Pitchers and catchers are scheduled to report to their respective spring training sites in Arizona and Florida in just a matter of days, yet Michael Wacha remains unsigned despite being the top free agent starting pitcher still on the market.
Wacha, 31, posted a 3.32 ERA and 1.12 WHIP with 104 strikeouts to 31 walks in 23 starts (127 1/3 innings pitched) for the Red Sox last season after signing a one-year, $7 million deal with Boston in November 2021.
While those surface-level numbers are certainly respectable, his 4.14 FIP and 20.2 percent strikeout rate are less encouraging. The veteran right-hander also ranked in the 27th percentile of all big-league pitchers in expected batting average (.254), the 13th percentile in expected slugging percentage (.446), the 14th percentile in barrel rate (9.6 percent), and the 12th percentile in whiff rate (20.7 percent), per Baseball Savant.
Though Wacha led all Red Sox pitchers in Baseball-Reference’s Wins Above Replacement metric last year (3.3 bWAR), he also missed time with injuries. Left intercostal irritation kept him sidelined from May 5-20 while right shoulder inflammation cost him more than a month (July 5-August 14) of action over the summer.
When the offseason first began in November, the Red Sox entertained the idea of extending Wacha a qualifying offer, which would have tied the righty to draft pick compensation. They elected not to go in that direction and instead issued qualifying offers to Xander Bogaerts and Nathan Eovaldi, who both left the club by signing with the Padres and Rangers in free agency.
Wacha, meanwhile, has not had much of a market to speak of. He has been loosely linked to the Angels, Orioles, and Twins this winter, though Baltimore and Minnesota have recently added starting pitching by acquiring Cole Irvin and Pablo Lopez, respectably, via trade.
Last month, Jon Heyman of the New York Post reported that Wacha was seeking a two-year deal. Bob Nightengale added on by relaying that the CAA Sports client was looking for a contract that would net him $15 million per year, or about $30 million altogether.

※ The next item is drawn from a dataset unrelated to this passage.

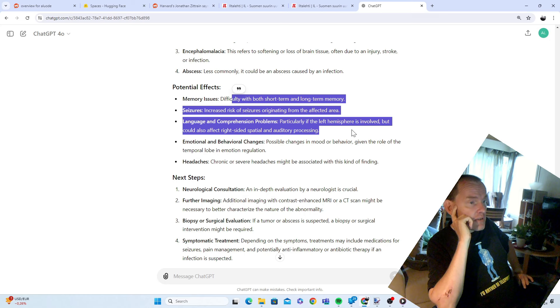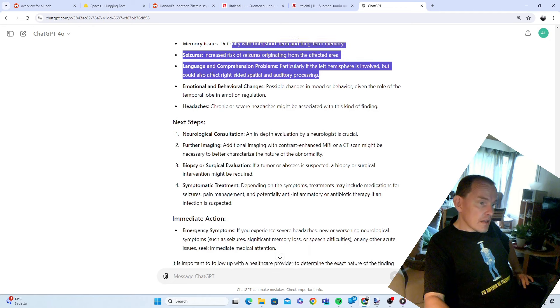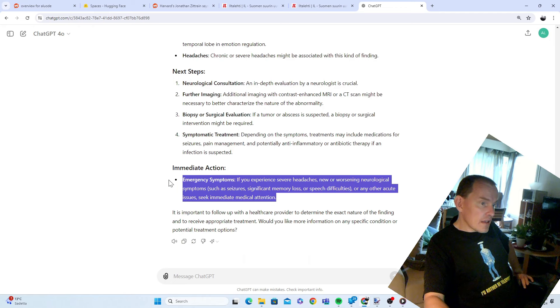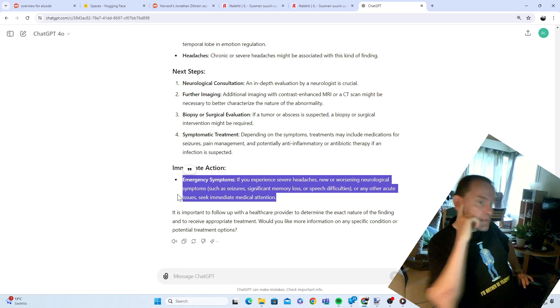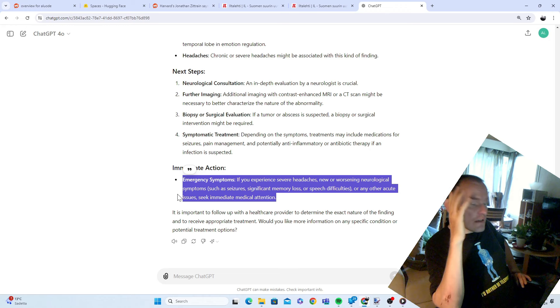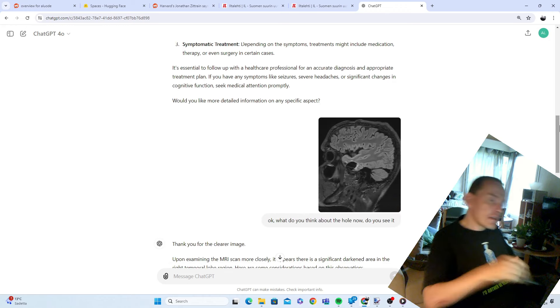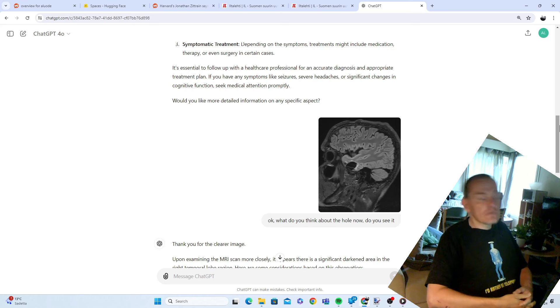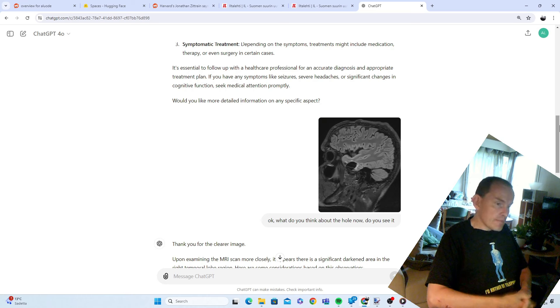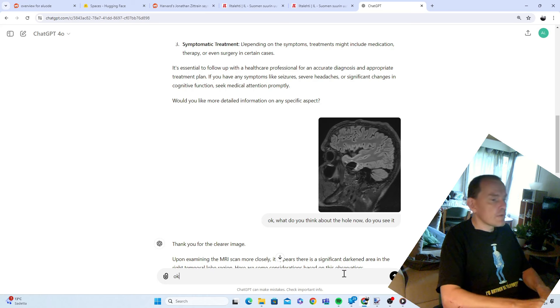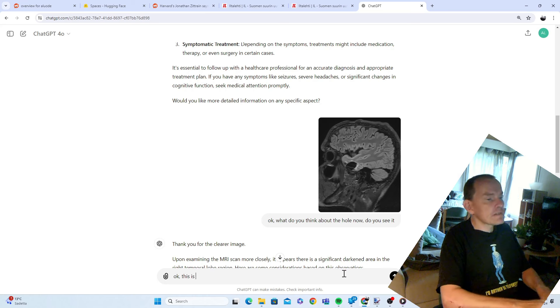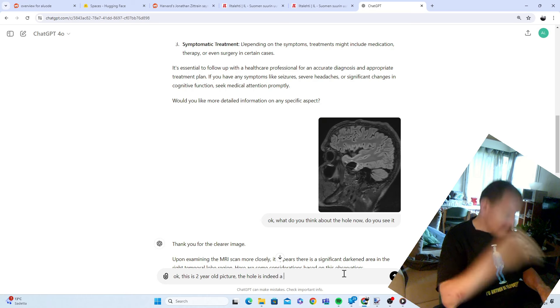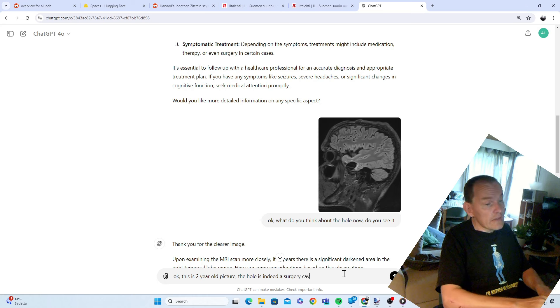What was I just doing there? Stuttering. Emotional and behavioral changes. Headaches. Emergency symptoms. Whatever. But it correctly identified my issue. It understands that this causes memory problems. I can talk about it more. This is a two-year-old tumor. The hole is indeed a surgery cavity.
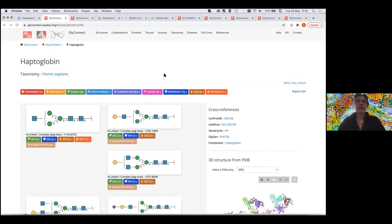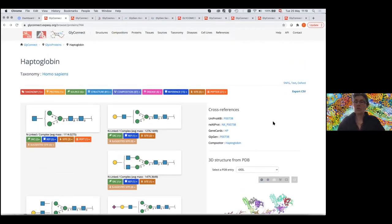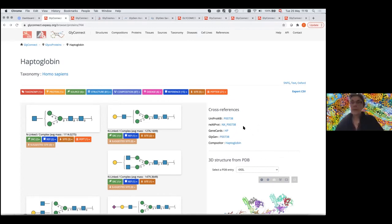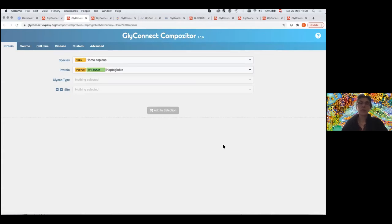Any of the data can be exported in CSV — all the information that is in that page regarding taxonomy, the protein, etc. You can also copy the composition to the clipboard by clicking — so if you want exactly the glycome for haptoglobin, you copy it and it's done. That can be very useful; we're really trying to help the building of composition files. We have cross-references with UniProt, Neqprot when it's a human protein, GlyGen — GlyGen points to us, but we also point to GlyGen — and GeneCards for human genes. We also always have the link to Compositor.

That Wacha prefers a multi-year offer is not all that surprising when you consider the fact that he has settled for one-year pacts with the Red Sox, Rays, and Mets in each of the last three offseasons. An additional, guaranteed year of security would be rewarding, but it seems as though teams are hesitant to go that far given Wacha’s recent health history and discouraging peripherals.
Wacha, who turns 32 in July, may have to settle for another one-year deal or a one-year deal with an option attached if he intends on signing with a club before Opening Day. At this point, a reunion with the Red Sox seems unlikely since already Boston has seven starters (Chris Sale, Nick Pivetta, Garrett Whitlock, Corey Kluber, James Paxton, Brayan Bello, and Tanner Houck) in its rotation mix heading into camp.
Of course, Wacha’s market could heat up if teams sustain rotation injuries over the course of spring training and find themselves in need of an established replacement leading up to the start of the season.
(Picture of Michael Wacha: Maddie Malhotra/Boston Red Sox/Getty Images)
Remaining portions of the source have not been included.